Task brief:
Exactly the lines from the one containing "Spacious main bedroom" through the end of the data, and nothing more, should be retyped; pictures stay out.

━━━━━ Provided records

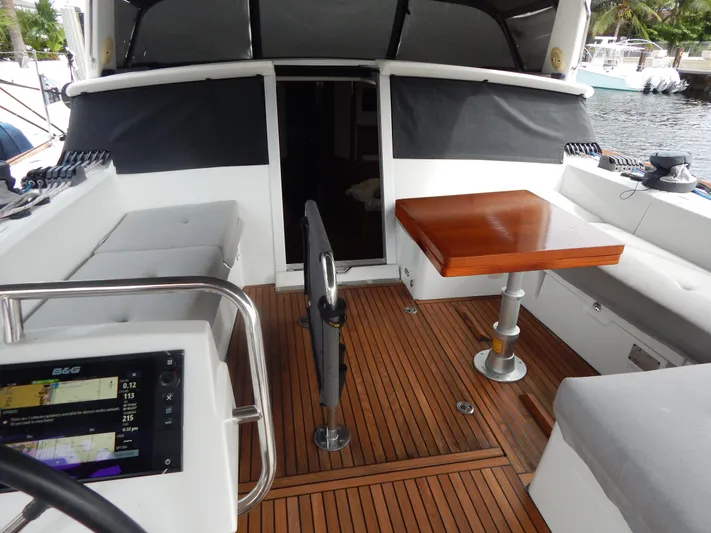  Yacht Photos Pics Beneteau Sense 55 yacht cockpit, 2015 model, featuring teak flooring and a wooden table.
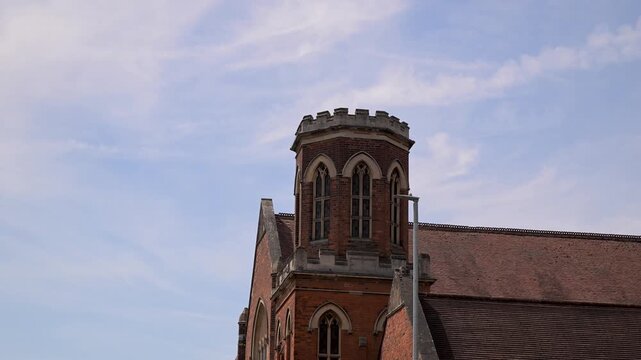 Camera tilts up to the brick tower and roofline of Marlborough Road Methodist Church framed against a soft blue sky.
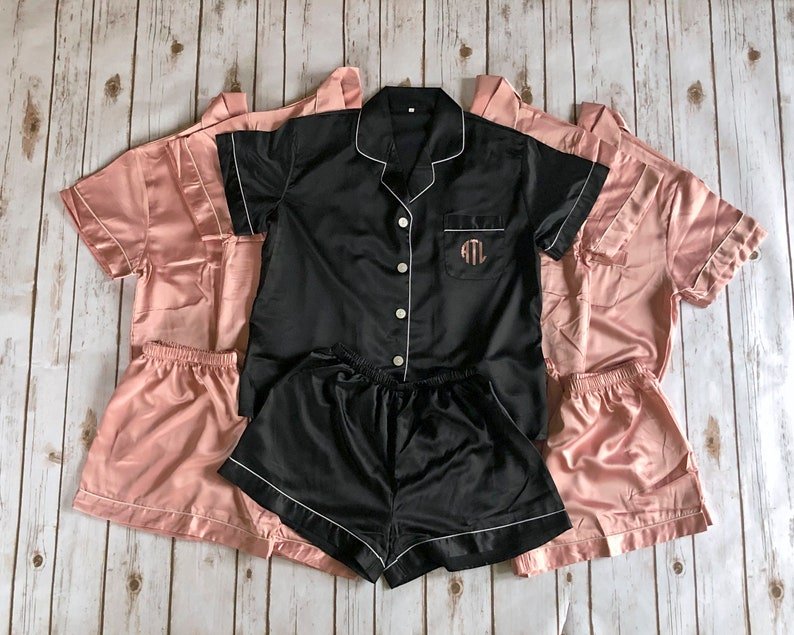 Elegant flat lay of personalized satin short pajama set in black and pink with monogrammed initials
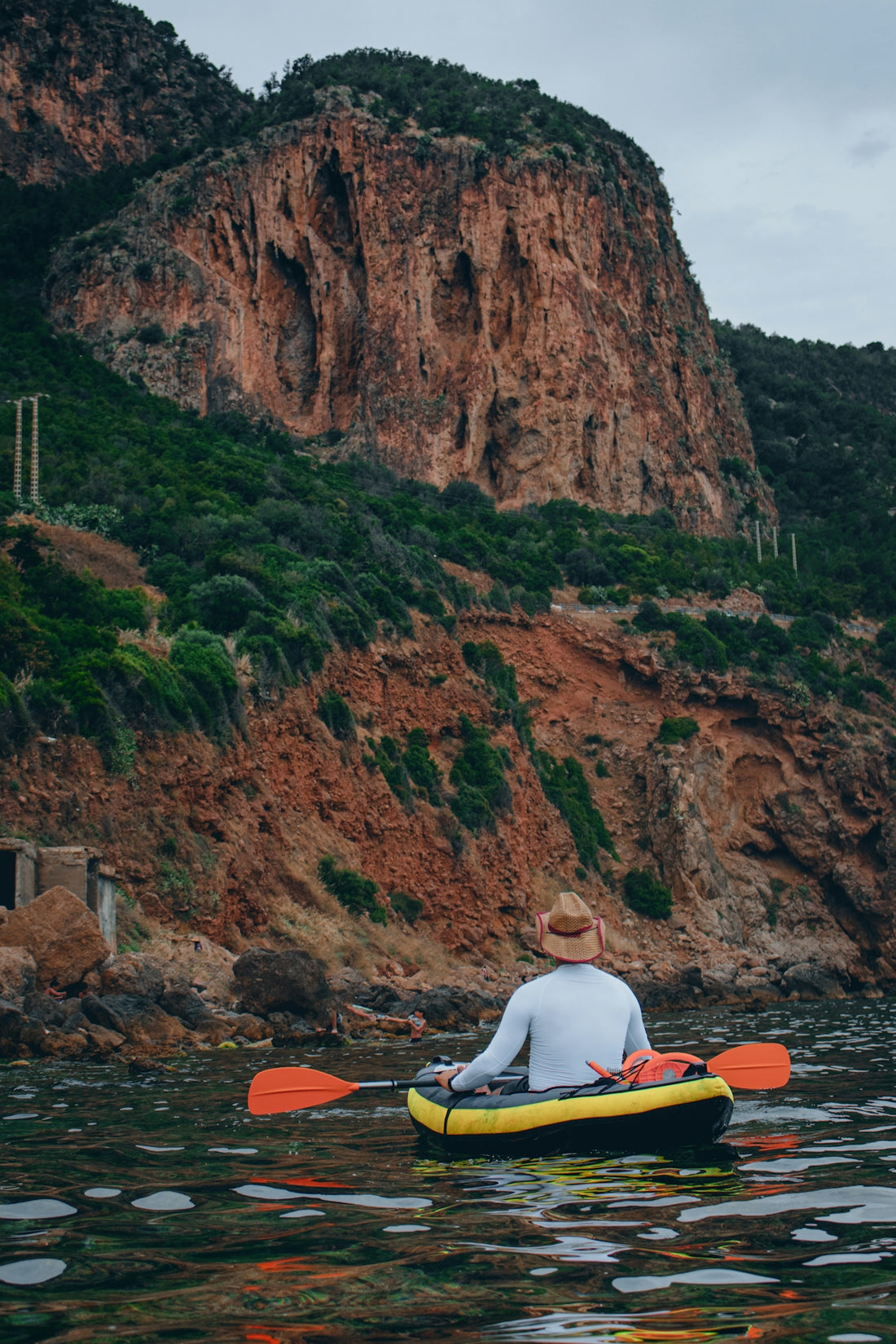 a man is paddling a kayak in the water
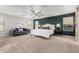 Spacious main bedroom with sitting area and an accent wall at 19641 E Emperor Blvd, Queen Creek, AZ 85142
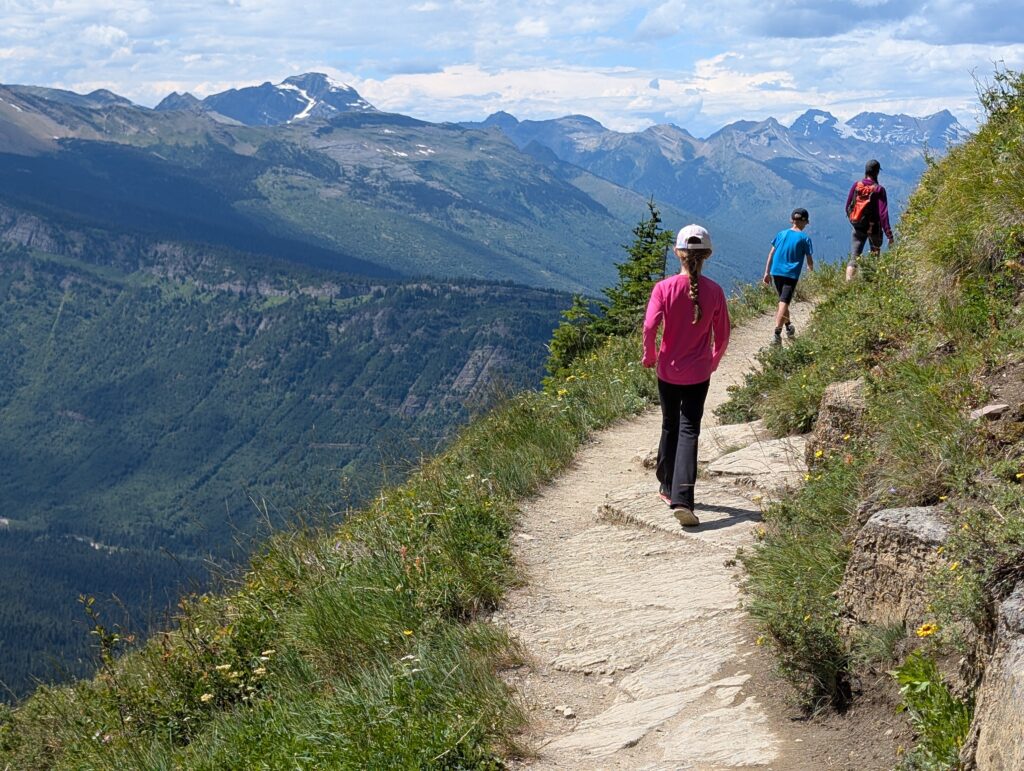 3 hikers along a dirt path on the edge of a long dropoff in the mountains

━━━━━━━━━━

Answer section:
 Spacious main bedroom with sitting area and an accent wall at 19641 E Emperor Blvd, Queen Creek, AZ 85142
 3 hikers along a dirt path on the edge of a long dropoff in the mountains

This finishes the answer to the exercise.